It sounds like a dream to some people.
The reality looks more like a nightmare if the rise of play-to-earn games is any indication. There are people in the developing world who have found a new way of earning a living with games.
Exploiting the wealth gap in the developing world to fill future games with human-controlled non-playable characters is a suggestion that has been made by a cryptanist.
"With the cheap labor of a developing country, you could use people in the Philippines as characters in a game," said Kossar.
"Maybe do a random job, or just walk back and forth, fishing, telling stories, a shopkeeper, anything is really possible," he stated.
It's a sad and degrading vision and one with precedent in the world of the internet.
When hard times hit during the COVID-19 Pandemic, the play-to-earn game AxieInfinity became a way to make money.
In the Philippines, where the average income is low, thousands of people found a new way of earning money by mining in-game currency and trading it in for real-world money.
The game's in-game economy collapsed like a house of cards, with its token worthless earlier this year, despite games like Axie being victims of the crash.
There are more twisted visions as Kossar's comments show.
Rest of the World reports that some players are exploiting the wealth gap between the Western and developing world to build "guils" in Axie and similar games.
The head of one of those guilds told Rest of World that they were able to earn just enough in the Philippines. It was more difficult to recruit in Latin America because they weren't willing to work.
The guild head thought it was a good way to make money, not soul-crushing, repetitive labor.

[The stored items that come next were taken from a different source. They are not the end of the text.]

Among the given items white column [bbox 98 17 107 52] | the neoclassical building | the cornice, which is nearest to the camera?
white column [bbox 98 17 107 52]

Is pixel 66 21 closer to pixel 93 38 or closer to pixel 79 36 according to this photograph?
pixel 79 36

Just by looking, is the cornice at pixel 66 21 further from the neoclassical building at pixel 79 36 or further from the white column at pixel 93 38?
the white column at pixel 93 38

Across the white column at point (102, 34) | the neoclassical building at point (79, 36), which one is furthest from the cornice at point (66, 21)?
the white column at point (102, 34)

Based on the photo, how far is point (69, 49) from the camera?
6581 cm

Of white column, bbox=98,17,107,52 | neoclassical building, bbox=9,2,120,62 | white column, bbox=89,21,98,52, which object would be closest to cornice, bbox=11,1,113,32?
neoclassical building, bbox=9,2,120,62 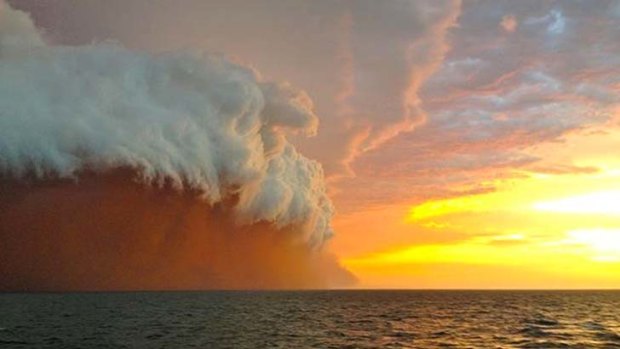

When people talk about exploitation, that's why it's so annoying. The cost of living in the Philippines is very low and people make very little money.
It was a full-time job to make the whole scheme work because they had to play eight hours a day.
The demise of Critterz was inevitable, with the value of its in-game NFTs dropping rapidly, wiping out the wealth of the scheme.
Mojang said in July that it wouldn't support NFTs.
The play-to-earn trend is nearing an end. If Kossar has a say, it sounds like it could get a lot darker.
They built a virtual world. It all crashed down in the rest of world.
There is a new coin that makes you exercise to mine it.